Clarté, rigueur et fermeté
C'est Aulnay-sous-Bois. C'est (ce fut) PSA. C'est un lycée de plus de 2.000 élèves, pour plus de 200 enseignants. C'est un public composé à 63% de catégories socio-professionnelles défavorisées. Mais c'est aussi plus de 80% de réussite au bac en 2013. C'est, en somme, un petit coin de République. Alors, qu'est-ce qui ne va plus ? Dans un tel établissement, la réussite de chaque élève requiert clarté, rigueur et fermeté – mais pas seulement dans les salles de cours. L'ensemble de nos supérieurs hiérarchiques, de la direction au Rectorat, doit tenir bon avec nous sur ces trois exigences. Et c'est là que le bât blesse.
De la nonchalance à l'insolence
Parmi les missions que nous n'arrivons plus à assurer : sauver les élèves en décrochage. Depuis le 12 septembre, on signale que l'un d'entre eux dort en cours, bavarde, se présente sans son matériel. Plus le temps passe, moins il comprend ce qu'on attend de lui, et ce qu'il fait là. La nonchalance se mue en indifférence, l'indifférence en inconscience, l'inconscience en hostilité, l'hostilité en insolence. Il est plus que temps, déjà, de convoquer une commission éducative, qui permet de rassembler autour de l'élève enseignants, parents, vie scolaire et direction afin de réfléchir à une solution individualisée.
22 novembre : première tentative : les parents ne sont convoqués que le vendredi pour le mercredi midi. L'élève n'est pas au courant. La commission est reportée.
9 décembre : deuxième tentative : les professeurs principaux ne sont pas informés. La commission est de nouveau reportée.
11 décembre : La direction annonce qu'elle fixera une nouvelle date.
10 janvier : La commission n'a toujours pas eu lieu et l'élève a véritablement décroché.
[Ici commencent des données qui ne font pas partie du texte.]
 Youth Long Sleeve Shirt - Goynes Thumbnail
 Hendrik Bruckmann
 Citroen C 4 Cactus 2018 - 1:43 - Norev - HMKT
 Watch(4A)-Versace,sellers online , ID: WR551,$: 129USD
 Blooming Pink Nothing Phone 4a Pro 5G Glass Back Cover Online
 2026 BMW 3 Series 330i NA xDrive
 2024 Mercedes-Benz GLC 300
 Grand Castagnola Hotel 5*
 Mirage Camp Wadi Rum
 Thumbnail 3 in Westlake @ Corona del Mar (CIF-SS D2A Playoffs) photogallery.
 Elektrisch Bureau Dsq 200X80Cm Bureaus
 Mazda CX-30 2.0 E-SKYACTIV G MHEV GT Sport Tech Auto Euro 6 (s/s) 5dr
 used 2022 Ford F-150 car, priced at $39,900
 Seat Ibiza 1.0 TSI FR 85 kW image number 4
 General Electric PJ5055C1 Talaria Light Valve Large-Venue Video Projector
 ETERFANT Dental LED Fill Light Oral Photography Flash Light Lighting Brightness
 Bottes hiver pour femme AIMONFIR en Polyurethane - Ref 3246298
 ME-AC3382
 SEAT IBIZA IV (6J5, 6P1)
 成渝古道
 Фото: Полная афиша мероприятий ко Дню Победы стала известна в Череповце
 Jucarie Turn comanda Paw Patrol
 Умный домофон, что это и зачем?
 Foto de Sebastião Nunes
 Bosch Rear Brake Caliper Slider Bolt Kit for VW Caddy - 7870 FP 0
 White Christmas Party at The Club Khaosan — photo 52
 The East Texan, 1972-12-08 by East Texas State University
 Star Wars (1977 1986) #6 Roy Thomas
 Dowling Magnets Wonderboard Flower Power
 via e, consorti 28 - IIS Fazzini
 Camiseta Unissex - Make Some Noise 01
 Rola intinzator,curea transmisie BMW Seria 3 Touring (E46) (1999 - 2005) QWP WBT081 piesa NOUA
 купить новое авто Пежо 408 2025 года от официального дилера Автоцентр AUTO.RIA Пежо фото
Or, c'est dans ces moments où l'autorité et l'accompagnement font défaut que des incidents plus graves peuvent survenir. Et dans notre lycée, cela arrive; la politique disciplinaire de la direction révèle alors les mêmes carences.
Violences des élèves et indifférence des supérieurs
Un œuf est lancé à deux reprises en direction d'un enseignant, une bombe lacrymogène est vidée en classe : la direction n'a consenti à réunir des conseils de discipline que suite à l'exercice de notre droit de retrait. D'autres incidents graves restent à ce jour encore non traités. Échec à tous les étages. Comment pourrait-il en être autrement quand, à la discipline et au respect que l'on demande aux élèves, ne répondent de la part de notre hiérarchie aucune clarté, aucune rigueur, aucun respect des temporalités, aucune volonté de concertation ? Mais tant que le lycée survit, ceux qui le font vivre au quotidien ne se heurtent qu'à l'indifférence de leurs supérieurs. Nous ne pouvons pas continuer ainsi.
Arrivés au terme de cinq jours de mobilisation, nous espérons parvenir à nous faire entendre au-delà des murs réels et symboliques auxquels nous nous heurtons quotidiennement. Nous réaffirmons ici le choix qui est le nôtre : enseigner dans un établissement sensible pour garantir à nos élèves l'égalité des chances et la possibilité de choisir leur avenir. Qu'on nous aide.